Please restate the following records word for word.

**Dataset items**.
▼
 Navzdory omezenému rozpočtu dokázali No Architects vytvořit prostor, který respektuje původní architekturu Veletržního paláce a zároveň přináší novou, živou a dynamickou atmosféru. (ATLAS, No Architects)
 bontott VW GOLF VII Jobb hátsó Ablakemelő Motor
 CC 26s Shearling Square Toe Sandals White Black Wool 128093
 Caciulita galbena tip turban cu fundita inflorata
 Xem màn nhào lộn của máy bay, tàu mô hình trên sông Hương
▲
**REPLY**.
 Navzdory omezenému rozpočtu dokázali No Architects vytvořit prostor, který respektuje původní architekturu Veletržního paláce a zároveň přináší novou, živou a dynamickou atmosféru. (ATLAS, No Architects)
 bontott VW GOLF VII Jobb hátsó Ablakemelő Motor
 CC 26s Shearling Square Toe Sandals White Black Wool 128093
 Caciulita galbena tip turban cu fundita inflorata
 Xem màn nhào lộn của máy bay, tàu mô hình trên sông Hương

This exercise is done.